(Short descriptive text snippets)
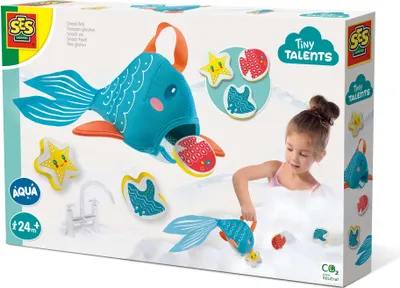 Produktbild von SES Creative Tiny Talents Snack Fisch, Badetier, Junge/Mädchen, 2 Jahr(e), Mehrfarbig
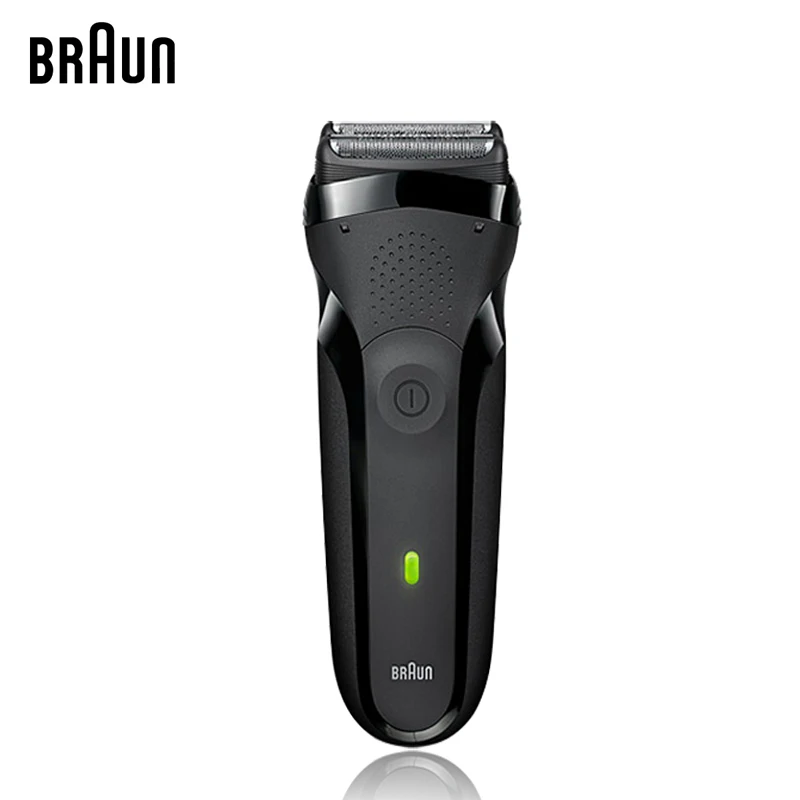 Электробритвы для мужчин Braun Series 3 301s перезаряжаемая Фольга бритва для бороды Безопасная бритва для мытья всего тела бритвенная машина 100-240 В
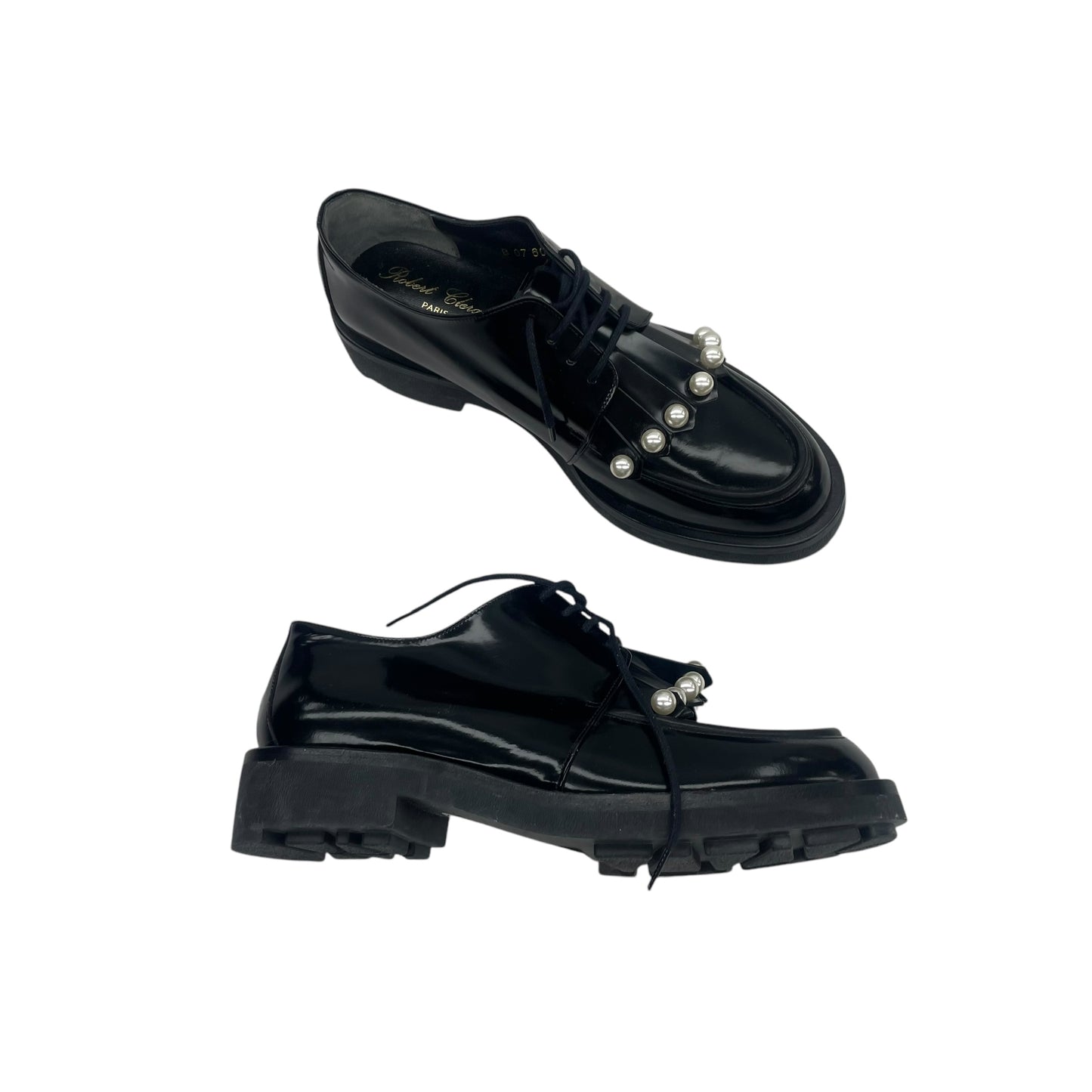 Shoes Flats By Cmb In Black, Size:7.5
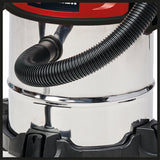 Aspirator umed/uscat Einhell TC-VC 1812 S (putere 1.250, sistem de furtun de 36 mm, recipient din otel inoxidabil de 12 l, filtru din spuma, duze extinse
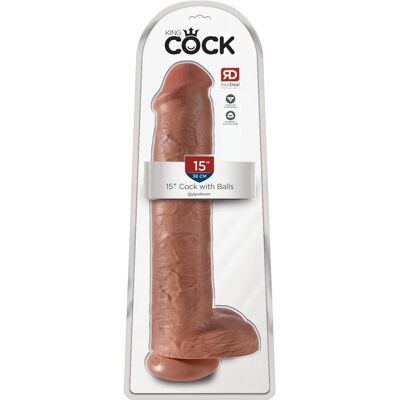 King Cock Dildo - Realistisch 34cm - Sexspielzeug King Cock Dildo - Realistisch 34cm - Sexspielzeug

● **Problem to solve**
Please print every record above exactly, but leave the pictures out.

● **Solution below**
 Produktbild von SES Creative Tiny Talents Snack Fisch, Badetier, Junge/Mädchen, 2 Jahr(e), Mehrfarbig
 Электробритвы для мужчин Braun Series 3 301s перезаряжаемая Фольга бритва для бороды Безопасная бритва для мытья всего тела бритвенная машина 100-240 В
 Shoes Flats By Cmb In Black, Size:7.5
 Aspirator umed/uscat Einhell TC-VC 1812 S (putere 1.250, sistem de furtun de 36 mm, recipient din otel inoxidabil de 12 l, filtru din spuma, duze extinse
 King Cock Dildo - Realistisch 34cm - Sexspielzeug King Cock Dildo - Realistisch 34cm - Sexspielzeug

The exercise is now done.